This, by the way, is also a low level “Litvinov” workout…more on this in just a second, okay?
Press (any variation, any tool)
Deadlift (any variation)
Try the approach from Pavel’s Pull Up program and the TGU idea from “Simple and Sinister:”
Find something that you can do for maybe three reps…anytime and anywhere. Pat argues 5-8 reps, and, frankly, that is fine, too. Do the reps like this:
Workout One: 1-1-1-1-1
Workout Two: 1-2-1-1-1
Workout Three: 1-2-2-1-1
When you get to either “3-3-3-3-3” or “5-5-5-5-5” or, honestly, anything you are striving for here, add load. Yep, that simple.
Then, a few sets of TRX “Ts” or “Ys” or just rows. If you don’t have one, don’t worry too much.

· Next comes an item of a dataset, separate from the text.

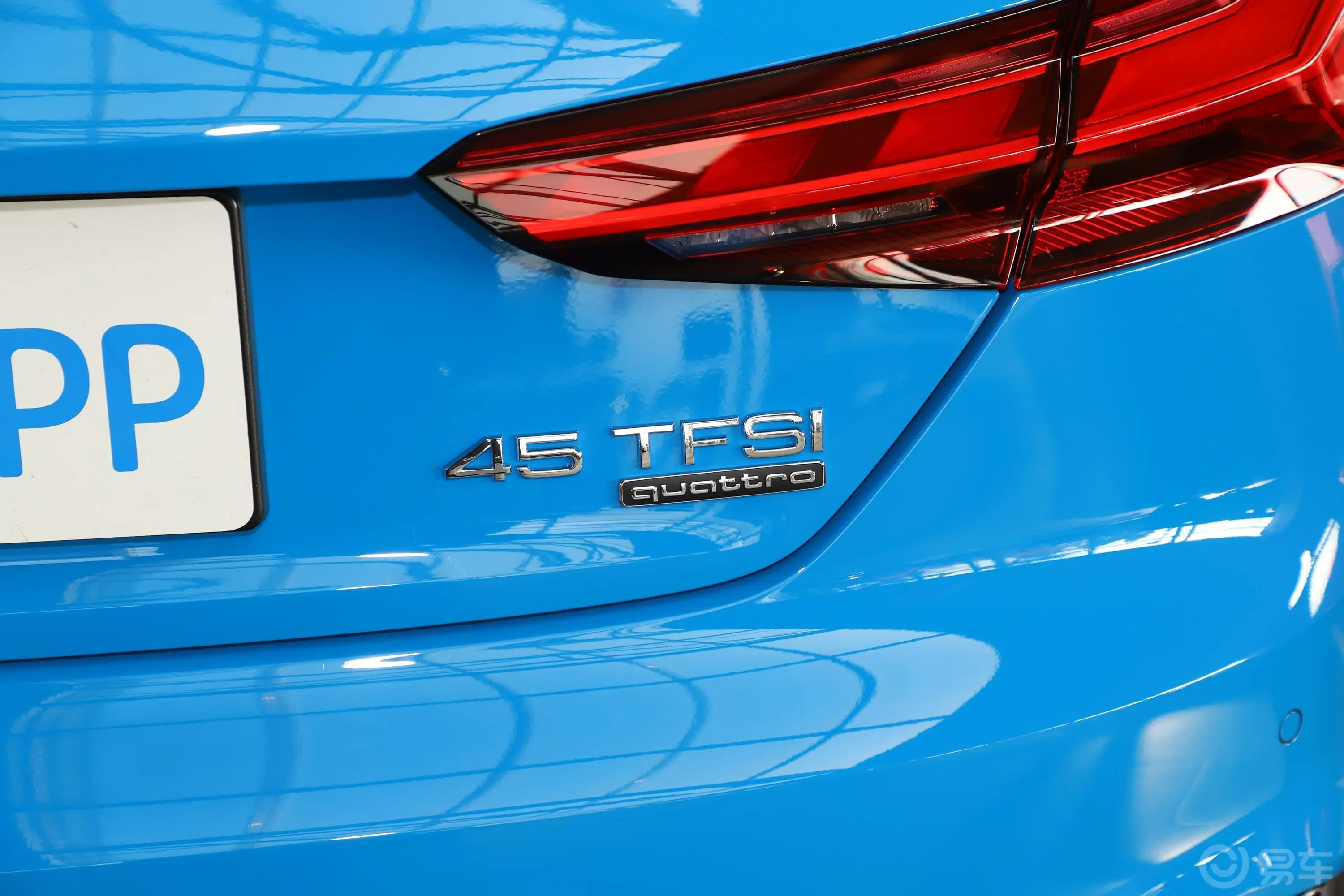 奥迪A5Coupe 45TFSI quattro 臻选动感型外观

Then, add in the Minimalist Stretching…or anytime really.
“Finishers”
Ab Wheel for 5 good reps
Lateral Band Walk back and forth. Alternate each day with a Suitcase Carry or Waiter Walk. If you are lateral walking right, hold the bell in the left hand; “dragging the bell” is what we call it.
So:
Warm Up
Naked Turkish Get Ups
15 Swings/One Goblet Squat/10 March in Place x 5
Press and Deadlift: Five heavy sets each
TRX Rows: a few sets
Min Stretching and Mobility
Finisher
Ab Wheel
Dragging Lateral Mini-Band Walk
That’s more than five exercises, but it is really simple to do. Mix in some walks and follow the mere basics of proper eating and you are fine.

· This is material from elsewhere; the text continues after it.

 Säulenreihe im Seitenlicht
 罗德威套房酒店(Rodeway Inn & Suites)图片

Seriously, you can do worse! Don’t worry about the differences in one program that you see on the web that is 40 Days of X or Y, look at the common threads. This is done marvelously in a new book Marc recommended to me:
Towards the end, she does a great job showing how, in the big picture, there is a lot of the same in diets from as far reaching from Paleo to Vegan.

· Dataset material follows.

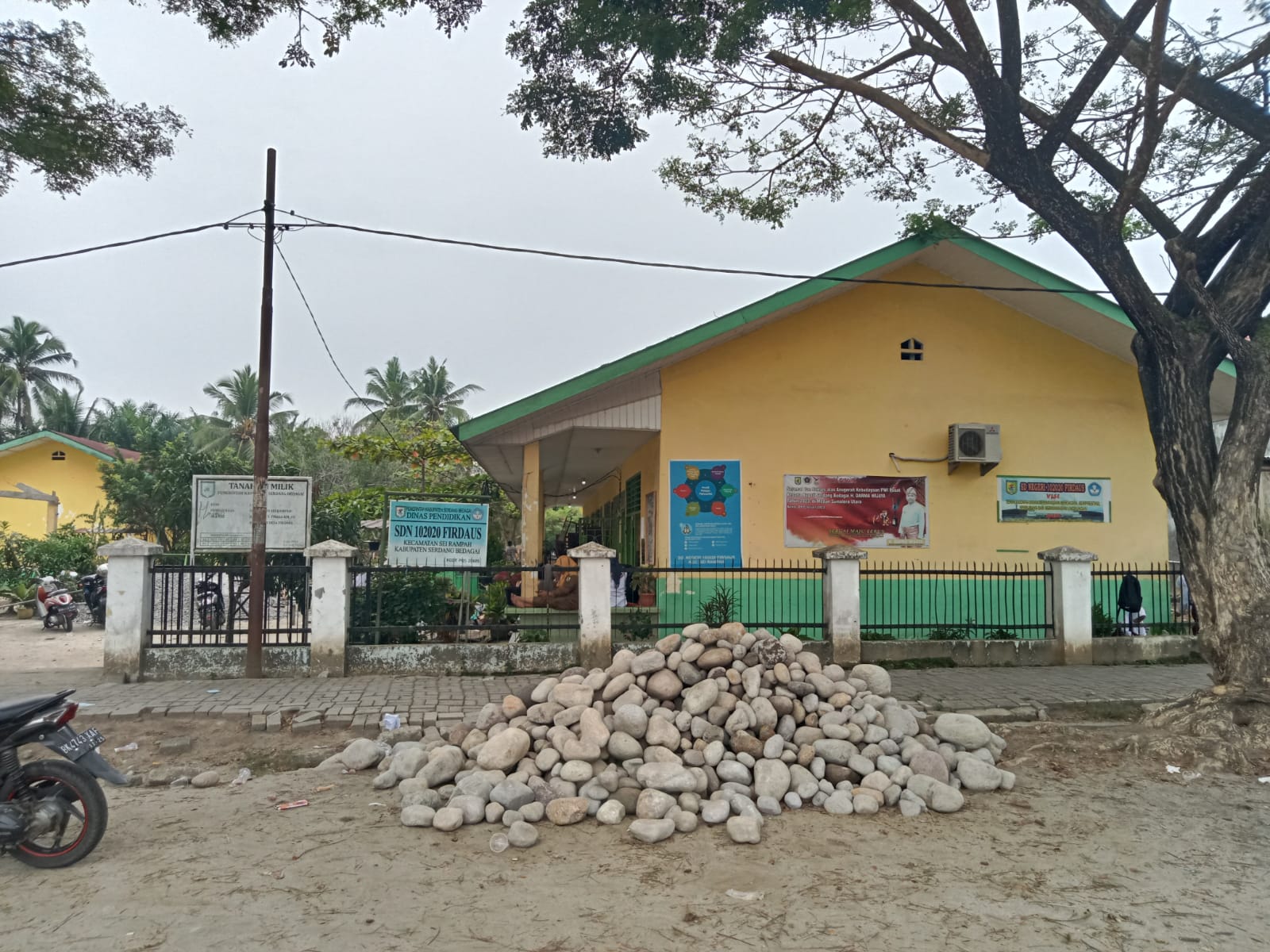 Pembangunan Gedung Sekolah SDN 102020 Firdaus, UU KIP Dianggap Momok yang Menakutkan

Oh, on the issue of the intro to Litvinovs: every so often on the net some ill informed person will note that Litvinov never did these. First:
I don’t give a shit.
John Powell said that he did them and then he went home and changed the way he trained. He then…at age 40!…had the best years of his life. When I introduced them to some rescue teams, injuries disappeared. When I introduced them to a very high level military person, he was able to overcome crippling injuries and return to combat. Sadly, he was killed in action and I continue to keep him in my thoughts and prayers.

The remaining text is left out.